### TASK TO CARRY OUT
In the records below, find the line with "CN 425 Bead", then copy each line exactly until you have copied the line with "Pattern-Based DFA for". Leave any picture out.

---------- EXERCISE DATA ----------

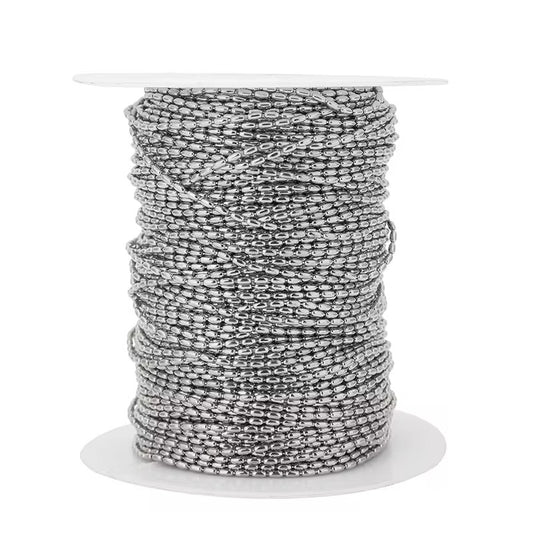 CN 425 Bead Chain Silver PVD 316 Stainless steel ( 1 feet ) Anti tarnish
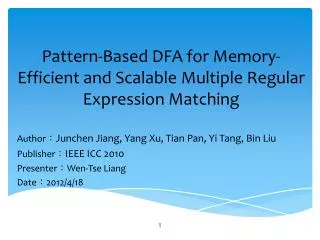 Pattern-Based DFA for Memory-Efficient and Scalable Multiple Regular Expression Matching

----------
---------- EXERCISE DATA ----------

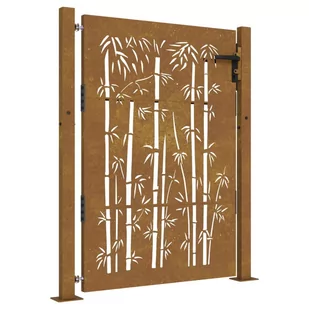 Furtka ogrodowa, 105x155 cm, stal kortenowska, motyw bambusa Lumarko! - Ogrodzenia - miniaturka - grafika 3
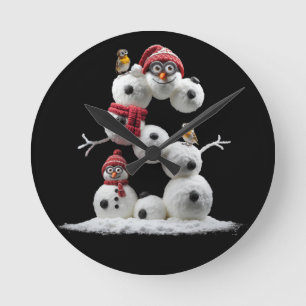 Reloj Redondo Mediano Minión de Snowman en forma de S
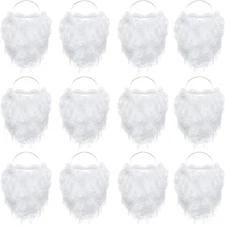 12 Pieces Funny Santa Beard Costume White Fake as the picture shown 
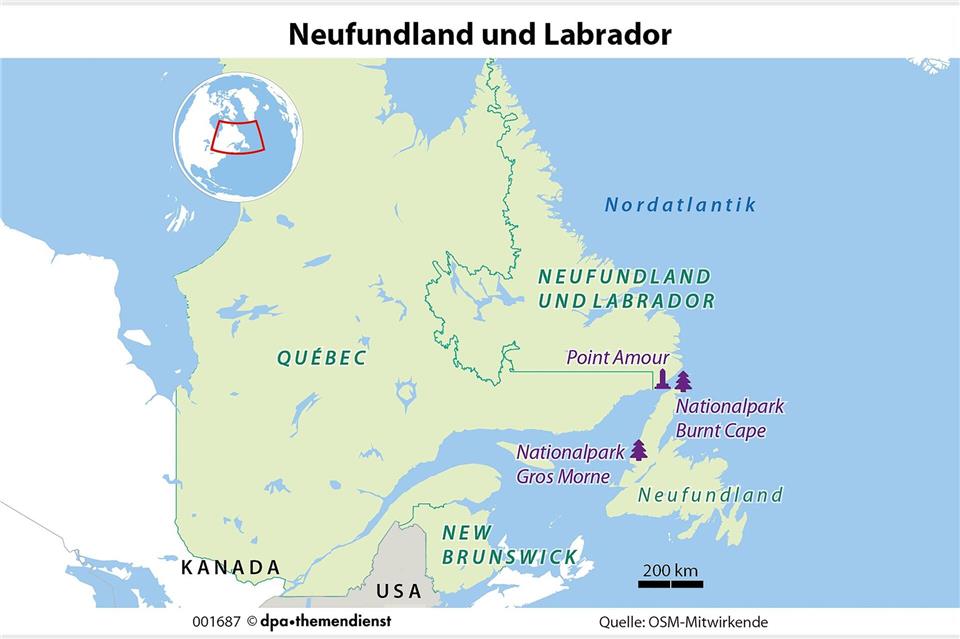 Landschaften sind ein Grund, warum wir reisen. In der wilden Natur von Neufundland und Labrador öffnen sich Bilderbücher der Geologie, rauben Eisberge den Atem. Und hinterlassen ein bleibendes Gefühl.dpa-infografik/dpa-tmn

----------
---------- EXERCISE DATA ----------

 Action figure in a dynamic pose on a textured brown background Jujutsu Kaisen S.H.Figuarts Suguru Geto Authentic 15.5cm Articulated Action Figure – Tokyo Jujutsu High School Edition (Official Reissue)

----------

### RESULT OF THE TASK
 CN 425 Bead Chain Silver PVD 316 Stainless steel ( 1 feet ) Anti tarnish
 Pattern-Based DFA for Memory-Efficient and Scalable Multiple Regular Expression Matching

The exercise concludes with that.